Based on a short story by Daphne du Maurier, the wordsmith whose works also fueled the Hitchcock classics Rebecca and The Birds, 1973’s Don’t Look Now stars Julie Christie and Donald Sutherland as Laura and John Baxter, a happily married couple who, reeling from the death of their daughter Christine, have temporarily settled in Venice so that John can assist in restoring an old church. Laura continues to drown in grief until she meets a pair of sisters (Hilary Mason and Clelia Matania), one of whom claims to be a psychic and informs her that Christine is happy in the afterlife but John is in danger. John believes it’s all nonsense, even though he himself is blessed/cursed with a second sight he chooses to dismiss. But how to explain the strange visions he sees around him, including fleeting glimpses of a child wearing the same red raincoat donned by Christine when she died?

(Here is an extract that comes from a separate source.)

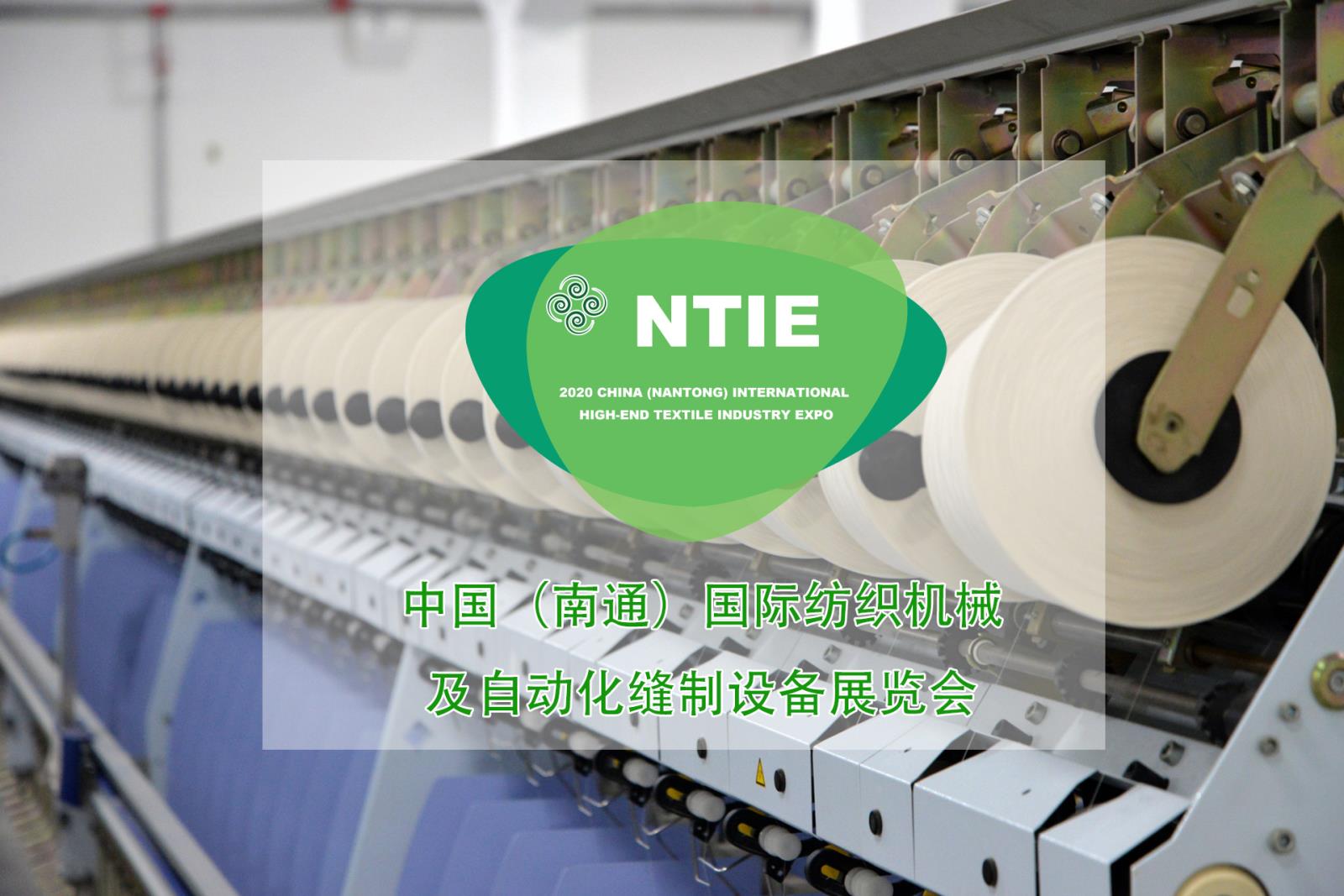 2020 中國（南通）國際高端紡織博覽會(huì)助力南通加快兩化融合，升級(jí)產(chǎn)業(yè)集群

The exquisite visual presentation — accentuated by Anthony Richmond’s inspired lensing and Graeme Clifford’s astute editing — allows this artistic endeavor to function as a mood piece, yet it’s much more than that, thanks to its compelling plotline and heavy use of meaningful symbolism (with water, broken glass and the color red all receiving particularly vigorous workouts).
A hit in its native England, Don’t Look Now is even more revered now: Separate polls by the British Film Institute and Time Out London have cited it as one of the 10 best British films ever made. No argument here.